Beliau diangkat menjadi khalifah di awal hari bulan muharam tahun 24 H, dan dibunuh pada hari jumat tanggal 18 Dzul hijjah tahun 35 H ada yang mengatakan tanggal 13. Beliau dibunuh oleh Al Aswad  At Tajibiy dari mesir, ada yang mengatakan orang lain dari kelompok orang yang menyerang beliau di rumah beliau sendiri. Dan dimakamkan pada malam sabtu di baqi, beliau wafat pada umur 82 tahun da nada yang mengatakan 88 tahun da nada yang mengatakan 90 tahun. Beliau menjabat menjadi khalifah selama 12 tahun kurang beberapa hari.

Hadist :

Rasulullah Shallallahu Alaihi wa Sallam bersabda,

 

خَيْرُكُمْ مَنْ تَعَلَّمَ الْقُرْآنَ وَعَلَّمَهُ .

 

“Sebaik-baik kalian adalah orang yang belajar Al-Qur`an dan mengajarkannya.”

Dalam hadits riwayat Al-Bukhari dari Utsman bin Affan, tetapi dalam redaksi yang agak berbeda, disebutkan bahwa Nabi Shallallahu Alaihi wa Sallam bersabda,

إِنَّ أَفْضَلَكُمْ مَنْ تَعَلَّمَ الْقُرْآنَ وَعَلَّمَهُ .

“Sesungguhnya orang yang paling utama di antara kalian adalah yang belajar Al-Qur`an dan mengajarkannya.”

Dalam dua hadits di atas, terdapat dua amalan yang dapat membuat seorang muslim menjadi yang terbaik di antara saudara-saudaranya sesama muslim lainnya, yaitu belajar Al-Qur`an dan mengajarkan Al-Qur`an. 

Al-Qur`an adalah kalam Allah, sebagai mana zat Allah yang agung dan sempurna. Maka, Al Qur'an pun merupakan kalam yang paling sempurna dan tidak ada kekurangan didalamnya.  

Karena keutamaan yang tinggi inilah, yang membuat Abu Abdirrahman As-Sulami –salah seorang yang meriwayatkan hadits ini– rela belajar dan mengajarkan Al-Qur`an sejak zaman Utsman bin Affan hingga masa Al-Hajjaj bin Yusuf Ats-Tsaqafi.

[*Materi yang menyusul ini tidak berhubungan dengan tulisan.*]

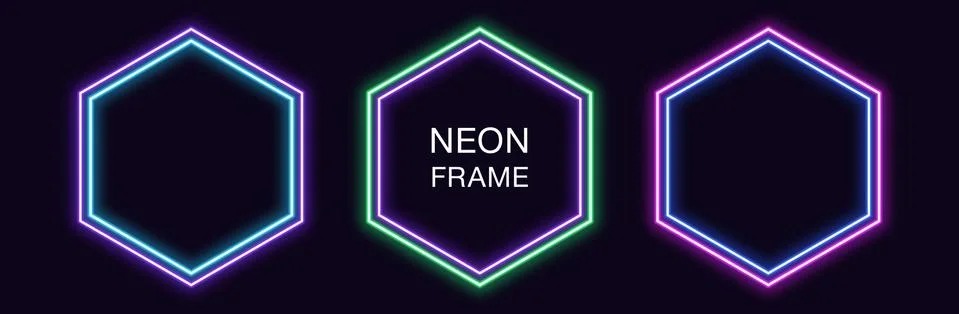 Neon hexagon Frame. Set of hexagonal neon Border with double outline. Geometr Stockillustratie
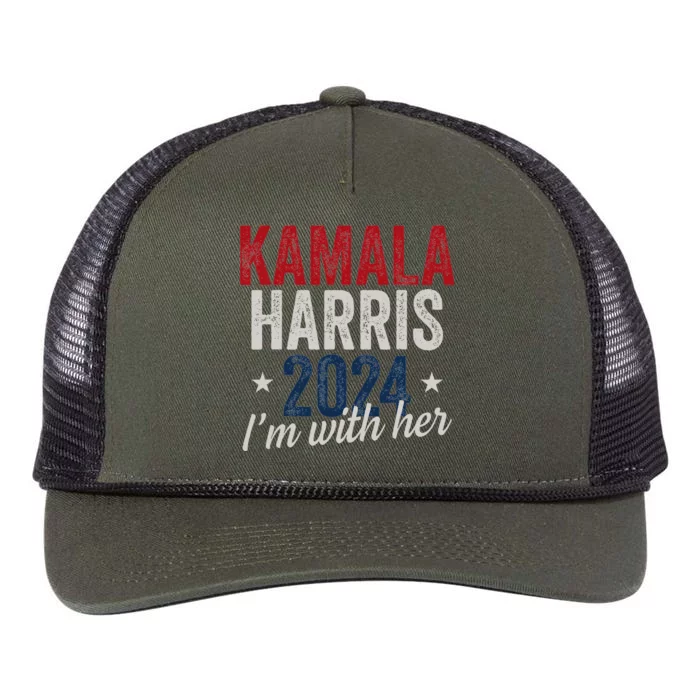 Kamala Harris 2024 Support IM With Her Kamala Harris 2024 Retro Rope Trucker Hat Cap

Hadis ini menunjukkan akan keutamaan membaca Alquran. Suatu ketika Sufyan Tsauri ditanya, manakah yang engkau cintai orang yang berperang atau yang membaca Alquran? Ia berkata, membaca Alquran, karena Rasulullah Shalallahu ‘alaihi wasallam bersabda: “Sebaik-baik kalian adalah orang yang belajar Alquran dan mengajarkannya kepada orang lain”.

Imam Abu Abdurrahman As-Sulami tetap mengajarkan Alquran selama empat puluh tahun di mesjid agung Kufah disebabkan karena ia telah mendengar hadis ini. Setiap kali ia meriwayatkan hadis ini, selalu berkata: “Inilah yang mendudukkan aku di kursi ini”.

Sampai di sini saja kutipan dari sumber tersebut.